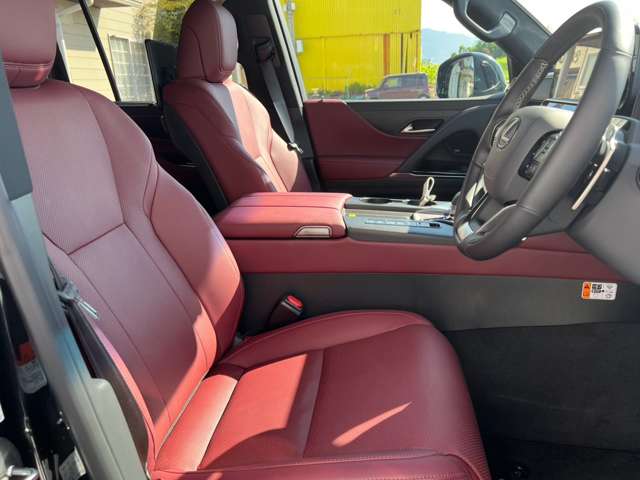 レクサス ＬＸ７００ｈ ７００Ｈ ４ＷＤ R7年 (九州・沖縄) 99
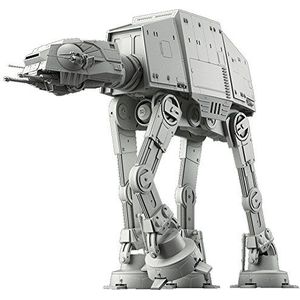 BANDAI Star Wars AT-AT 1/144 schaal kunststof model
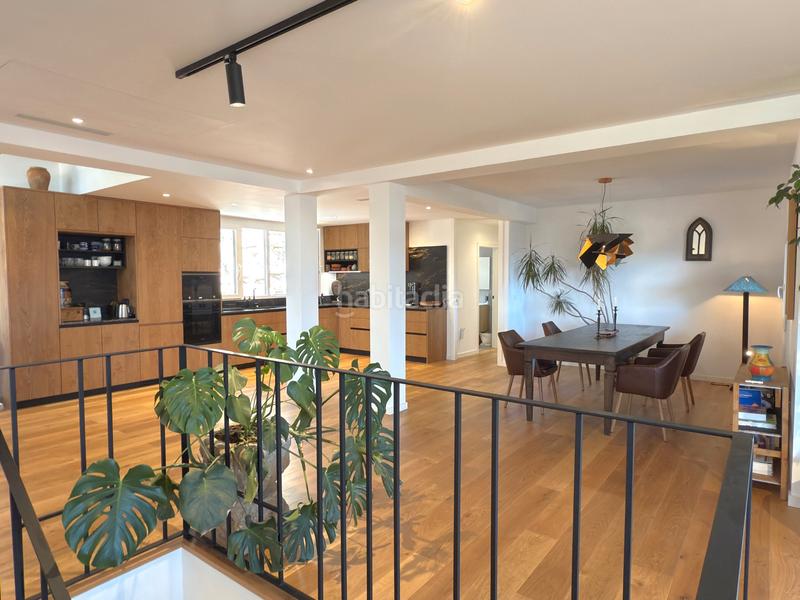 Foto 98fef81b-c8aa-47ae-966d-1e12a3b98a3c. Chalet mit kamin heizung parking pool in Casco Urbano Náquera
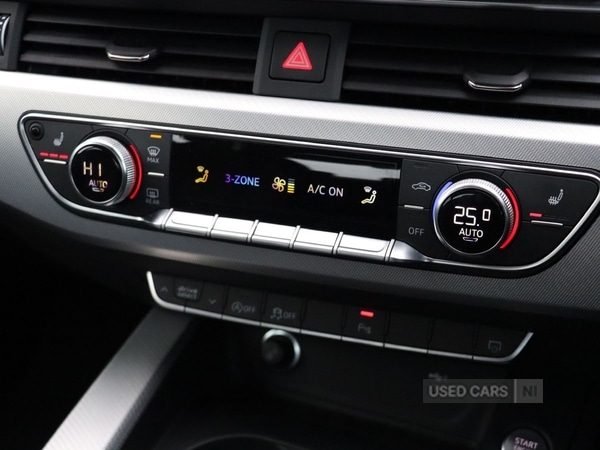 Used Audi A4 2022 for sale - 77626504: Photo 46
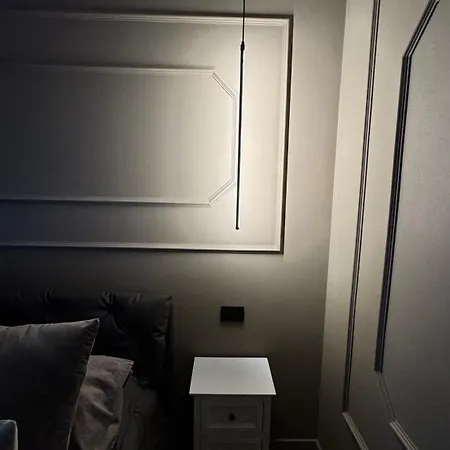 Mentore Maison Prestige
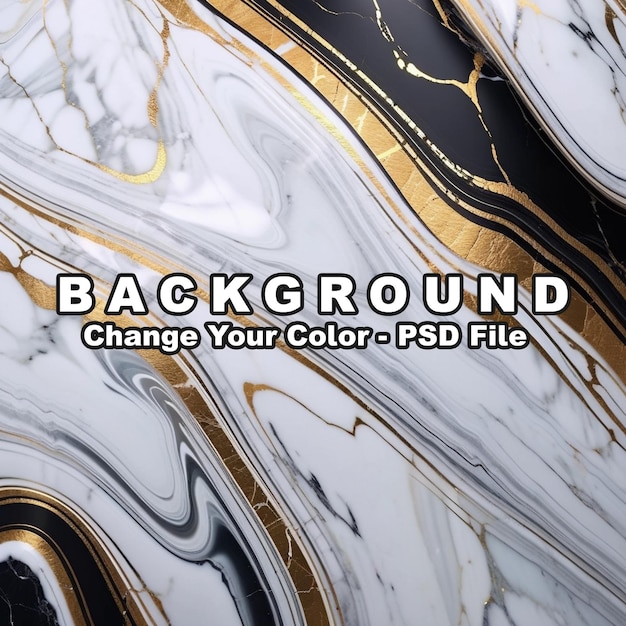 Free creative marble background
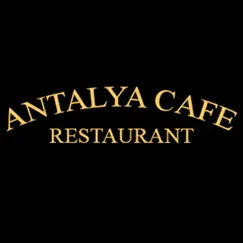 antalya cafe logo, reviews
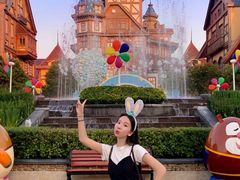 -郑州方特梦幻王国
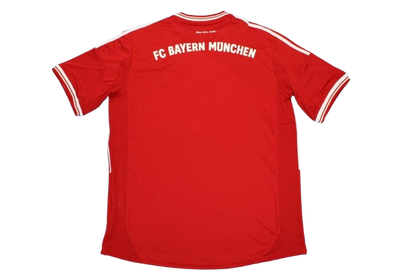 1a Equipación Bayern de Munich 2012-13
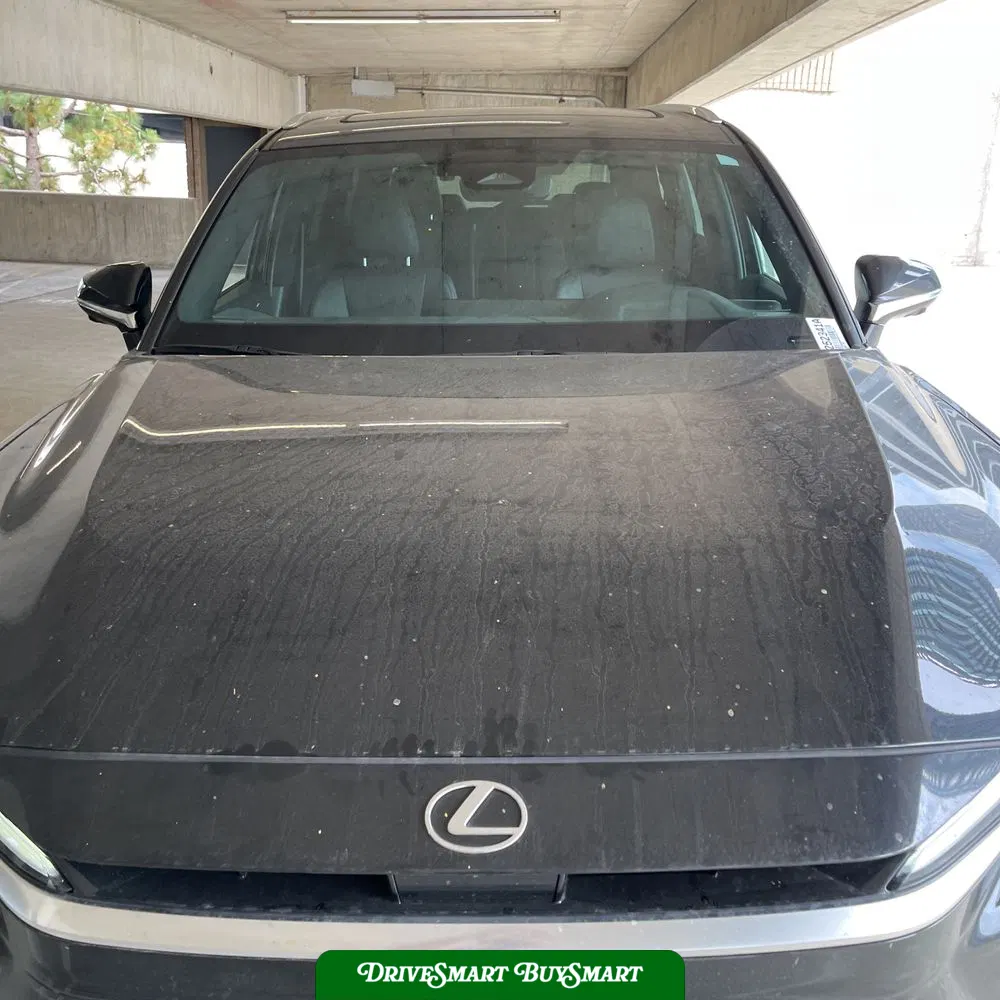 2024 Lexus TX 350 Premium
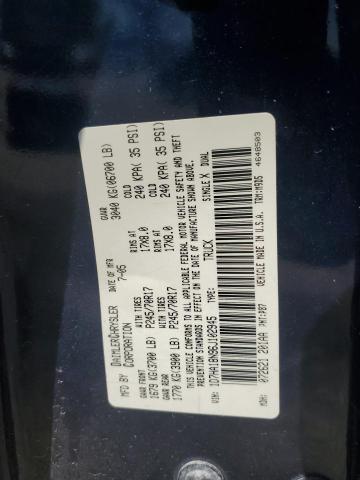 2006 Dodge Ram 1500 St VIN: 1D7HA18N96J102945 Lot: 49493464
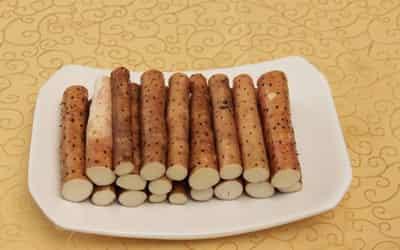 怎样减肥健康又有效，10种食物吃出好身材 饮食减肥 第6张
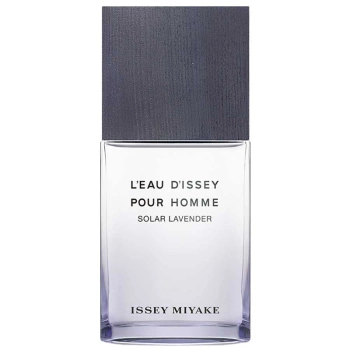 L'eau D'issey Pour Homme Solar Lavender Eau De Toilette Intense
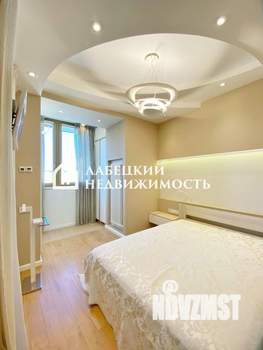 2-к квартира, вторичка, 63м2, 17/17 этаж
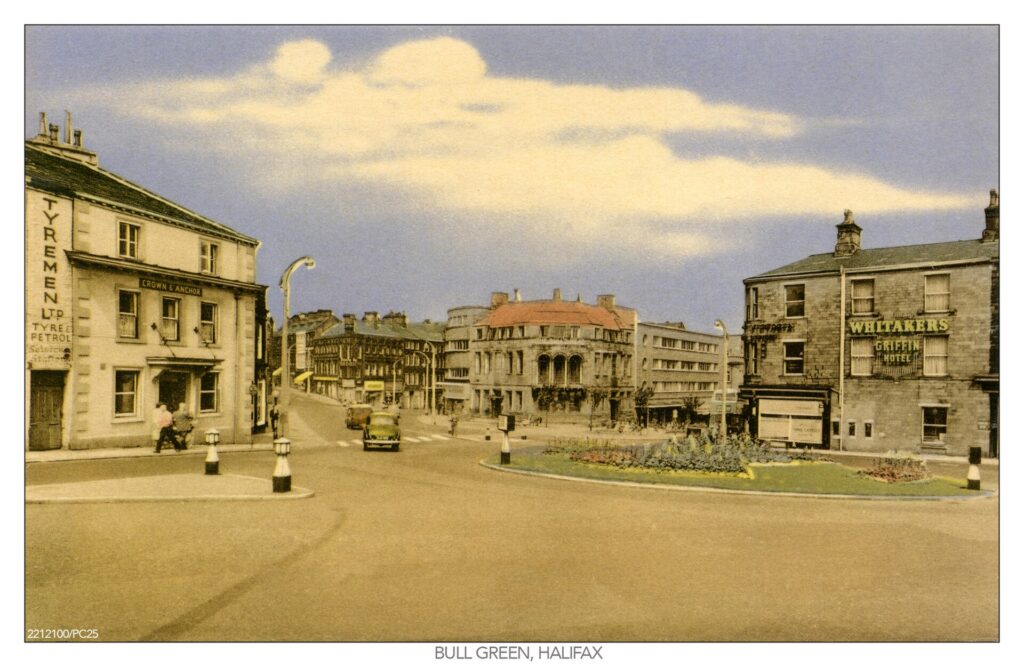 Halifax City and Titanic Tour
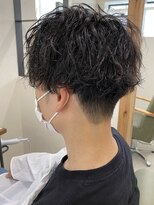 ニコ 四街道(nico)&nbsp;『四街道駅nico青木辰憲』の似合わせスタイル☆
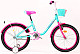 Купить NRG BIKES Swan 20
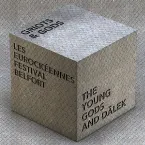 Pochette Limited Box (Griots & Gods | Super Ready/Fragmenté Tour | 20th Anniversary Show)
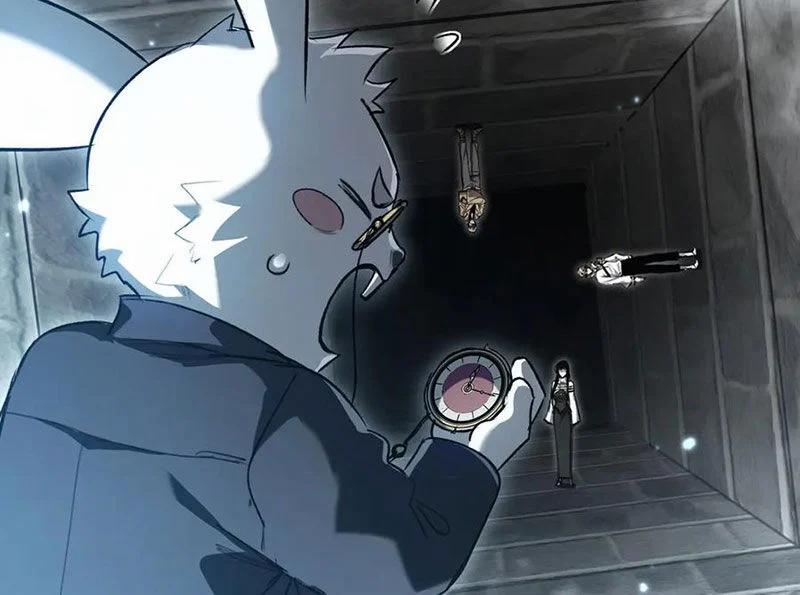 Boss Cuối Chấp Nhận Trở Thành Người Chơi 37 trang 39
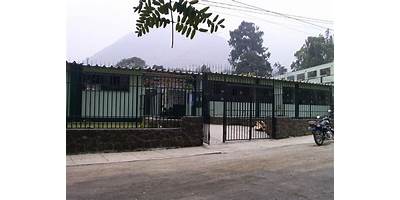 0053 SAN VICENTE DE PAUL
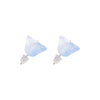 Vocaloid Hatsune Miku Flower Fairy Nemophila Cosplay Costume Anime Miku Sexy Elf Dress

---*---

* ABOUT THIS TASK:
Please give again only the lines from the one containing "antalya cafe logo, reviews" through the last line of the entries above, exactly as they stand and without pictures.

* TASK OUTPUT:
 antalya cafe logo, reviews
 -郑州方特梦幻王国
 1a Equipación Bayern de Munich 2012-13
 2024 Lexus TX 350 Premium
 2006 Dodge Ram 1500 St VIN: 1D7HA18N96J102945 Lot: 49493464
 怎样减肥健康又有效，10种食物吃出好身材 饮食减肥 第6张
 L'eau D'issey Pour Homme Solar Lavender Eau De Toilette Intense
 2-к квартира, вторичка, 63м2, 17/17 этаж
 Halifax City and Titanic Tour
 ニコ 四街道(nico)&nbsp;『四街道駅nico青木辰憲』の似合わせスタイル☆
 Купить NRG BIKES Swan 20
 Pochette Limited Box (Griots & Gods | Super Ready/Fragmenté Tour | 20th Anniversary Show)
 Boss Cuối Chấp Nhận Trở Thành Người Chơi 37 trang 39
 0053 SAN VICENTE DE PAUL
 Vocaloid Hatsune Miku Flower Fairy Nemophila Cosplay Costume Anime Miku Sexy Elf Dress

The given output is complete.